If you’re the creative type, or you just have a taste for fiery food and people, travel straight to the heart of Santa Ana. Next to the city’s courthouse and town hall you’ll find a proud Spanish-speaking community and burgeoning art scene. Santa Ana’s version of Greenwich is called Artist Village and it’s full of galleries, concerts, art walks, and festivals. Lofts and smaller apartments here are affordable for the starving artist, but you won’t be hungry (or bored) long with food and fun just around the block.

Midtown:

North of downtown, you can stop and sniff up the beauty in Midtown’s Floral and West Floral Parks. Beautiful homes built in the fifties and sixties still bloom in vintage, classic style. Midtown is pricier and lacks the ever-present entertainment of the downtown district, but it’s beautiful and well suited for living a quiet lifestyle (although West Floral Park is known to get a little rowdy around the 4th of July).

The kids won’t get too bored, though: there’s family fun right around the corner. Only a few blocks away are the Bowers Museum (which features classes, exhibitions, and lectures on art from all over the world), Main Place Mall, Santa Ana Zoo, and the Discovery Science Center. Midtown is a bit pricier than Downtown, but if you’re looking to rear some kiddos, this is a better choice for you.

South Coast Metro:

Right up against the Costa Mesa border is the South Coast Metro district of the city. This is the poshest, fanciest, and newest part of Santa Ana.

South Coast Metro is the home to most of Orange County’s Fortune 500 and Forbes 1000 businesses. For the business elite, high quality, luxury apartments, condos, and tract homes have been erected just minutes from Santa Ana’s John Wayne airport.

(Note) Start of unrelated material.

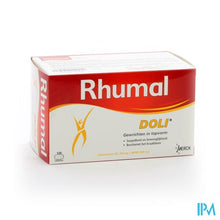 Charger l'image dans la galerie, Rhumal Doli Tabl 120
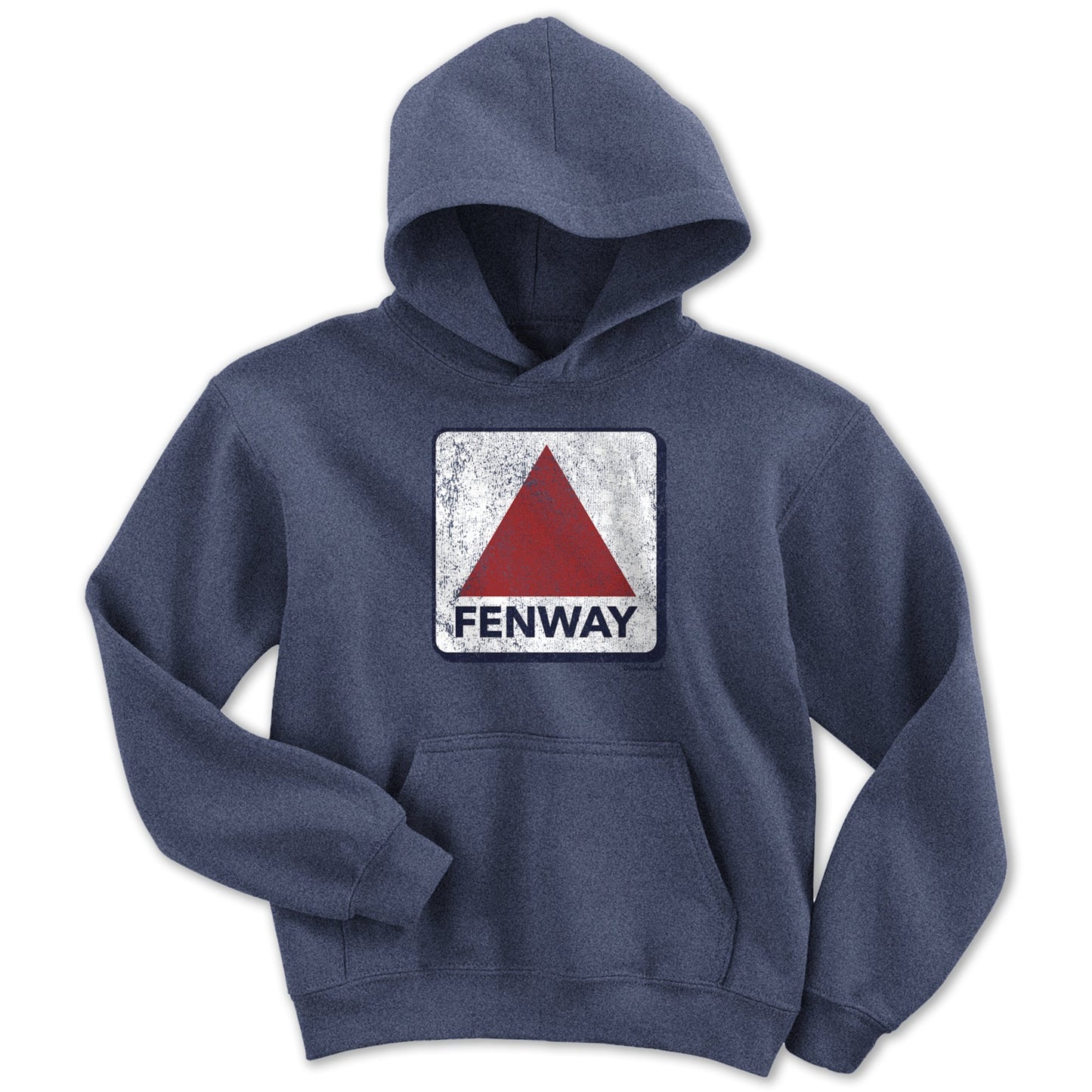 Fenway Sign Youth Hoodie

This section of the city also has the South Coast Plaza, a massive mall full of designer boutiques. In fact, it’s fair to say this neighborhood was built around the plaza and Orange County’s upscale corporate offices.

But, like downtown, “SCM” has its own space for the creatively inclined – specifically the Segerstrom Center for the Arts and the South Coast Repertory theatre. The area is perhaps one of the most contemporary and artfully designed sections of Santa Ana, due mostly to the expansion and renovation of the Repertory building by renowned architect, Cesar Pelli. The city is currently planning to move the main Orange County Museum of Art from Newport Beach to this area of the city.

What does this all mean? SCM is very upscale. If you’re a patron of the arts this may be the place for you, but if you’re an artist yourself (and you have the bank account to prove it) we suggest you look elsewhere.

Travelin' around So-Cal:

One thing you should know about Southern California is that traffic is always a problem. Make sure you find a home close to work to avoid often-congested freeways and road-rage induced panic attacks.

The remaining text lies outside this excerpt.